70 years of rapid social, economic growth celebrated

By Li You | China Daily | Updated: 2017-07-19 07:02

70 years of rapid social, economic growth celebrated

Inner Mongolia, a multi-ethnic autonomous region located in North China, is welcoming the 70th anniversary of its establishment in 2017.

After an Inner Mongolia people's congress held in Wangyemiao - today's Ulanhot - in 1947, delegates agreed and decided to establish an autonomous region, which became the first autonomous region in China.

Spanning approximately 2,400 kilometers from east to west, Inner Mongolia is the third-largest provincial-level administrative region in China. It borders Russia and Mongolia, as well as the Ningxia Hui autonomous region and secven provinces - Heilongjiang, Jilin, Liaoning, Hebei, Shanxi, Shaanxi and Gansu.

The main part of Inner Mongolia is made up of a plateau and the region's famous grasslands, where 55 ethnic groups live and have generated diverse branches of culture.

The autonomous region recorded a permanent population of 25.11 million in 2015. The population of the Mongolian ethnic group there reached 4.58 million, accounting for 18 percent of the whole region's total population.

Inner Mongolia has a long history and is one of the cradles of Chinese civilization. During the long convergence process of the grassland civilization and farming civilization, it formed well-known cultures such as Hongshan Culture and Dayao Culture - both prehistoric civilizations.

The vast grassland with undulating stretches also bred a unique grassland culture, where the native people live in yurt - a domed shelter - and treat their respected guests with lamb roast.

The economy in the region witnessed a giant rise in the past 70 years.
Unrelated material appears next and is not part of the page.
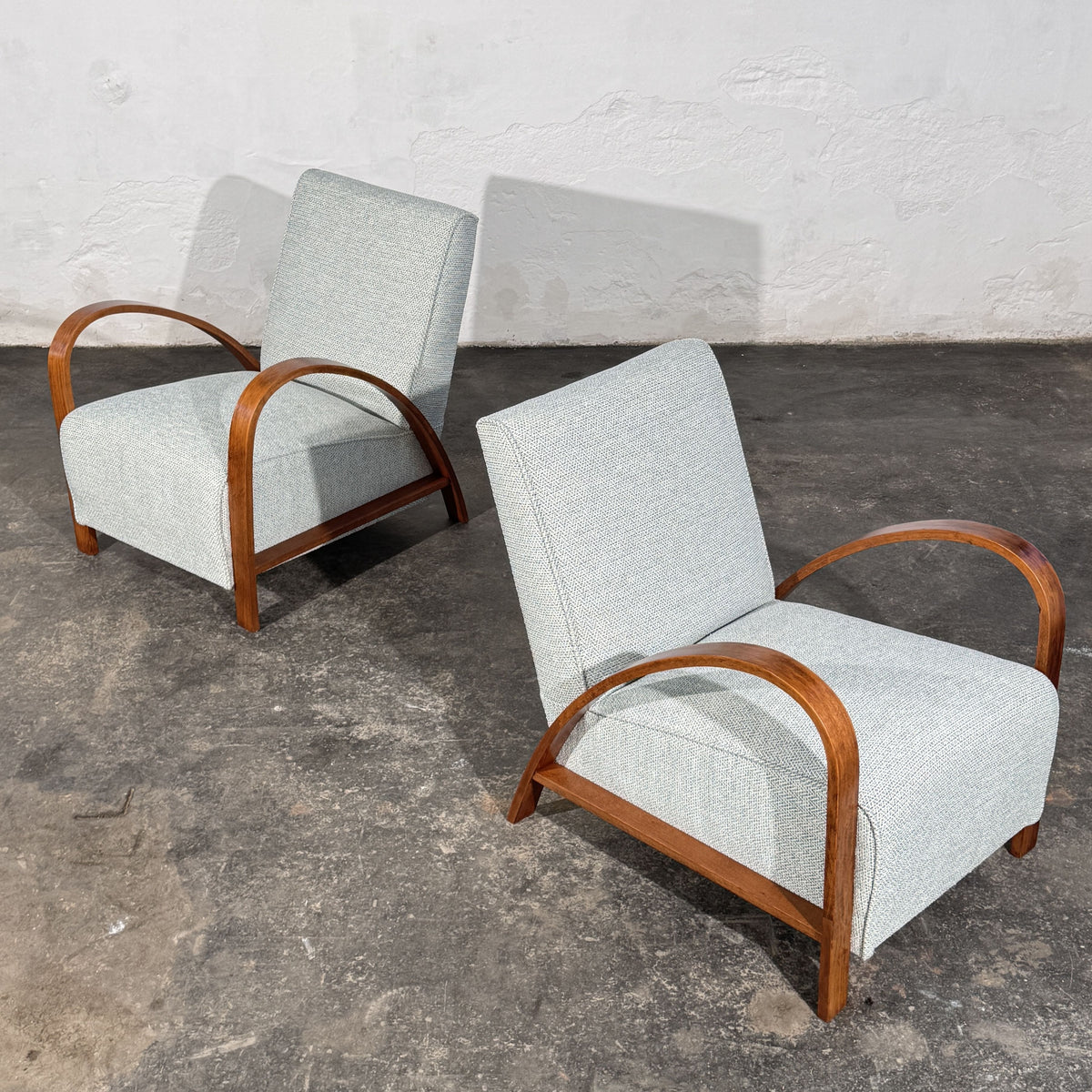 Pair of French Art Deco Style Armchairs with Arched Wooden Arms, 1960s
The gross domestic product of Inner Mongolia in 2016 was 1.86 trillion yuan ($274.5 billion), 642 times as the GDP in 1947.

The gross profit of the service industry there increased from 87 million yuan in 1947 to 792.5 billion yuan in 2016, an increase of 1,855 times.

In 2016, per capita GDP in the region reached 74,069 yuan, ranking sixth among all the provincial-level regions in China after Tianjin, Beijing, Shanghai, Jiangsu and Zhejiang.